Written by Zeina Islam

Imposter Syndrome, or just procrastination?

Have you ever found yourself constantly doubting your abilities, even though most of the time you are more than qualified to complete the tasks you’re given? Well, you are not the only one feeling this way. Surprisingly, Imposter Syndrome is so common these days and more people find themselves suffering because of it…


What is Imposter Syndrome?

First off, let’s talk about what Imposter Syndrome is. It is an internal experience of believing that you are not as competent as others perceive you to be (Cuncic, 2021). It can affect people of all skill sets and qualifications, but more often than not, it affects people who are very qualified for the jobs or tasks for which they don't feel like they are. Due to systemic sexism and racism, women and people of color are most victim to this syndrome. Imposter Syndrome can often have you feeling like you’re pretending that you're capable; you often view yourself as a fraud and feel like the people around you are soon going to realize that as well.

What are the signs or symptoms of Imposter Syndrome?

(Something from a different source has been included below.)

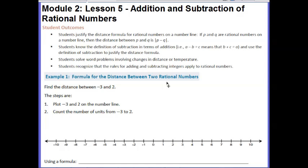Hi guys, this is Ms. Goal. Today's lesson is Module 2, Lesson 5: Addition and Subtraction of Rational Numbers.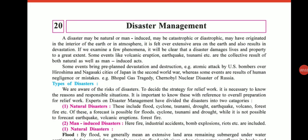Hello my dear students, today we are going to start Chapter 20: Disaster Management. Let us discuss what disaster is and what management means. Disaster may be natural or man-made. It may be catastrophic, having originated in the interior of the earth or in the atmosphere. It is felt over an extensive area of the earth and results in devastation and destruction.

Imposter Syndrome can be very mentally draining, and can often lead to extreme procrastination. It can get overwhelming, often causing those affected to just shut down. The result is that responsibilities don’t end up being fulfilled because the person feels like they physically can’t. Symptoms include, but are not limited to:

  1. Sabotaging your efforts, often doubting yourself

  2. Not being able to evaluate your actual competence

  3. Procrastination

  4. Always crediting your accomplishments to external factors like ‘luck’

  5. Constantly feeling like a fraud

If you struggle with Imposter Syndrome, you may experience constant anxiety about everything, even the social aspects of life. For example, even with your closest friends, you may find yourself having thoughts like “I’m so scared they’ll realize that I am not the person they think I am and they won’t like me anymore.” Even though the truth is that they know you well inside and out, your thoughts may cause you to believe you're not as kind, smart, or special as everyone thinks you are. And you dread the day they find out, creating more anxiety.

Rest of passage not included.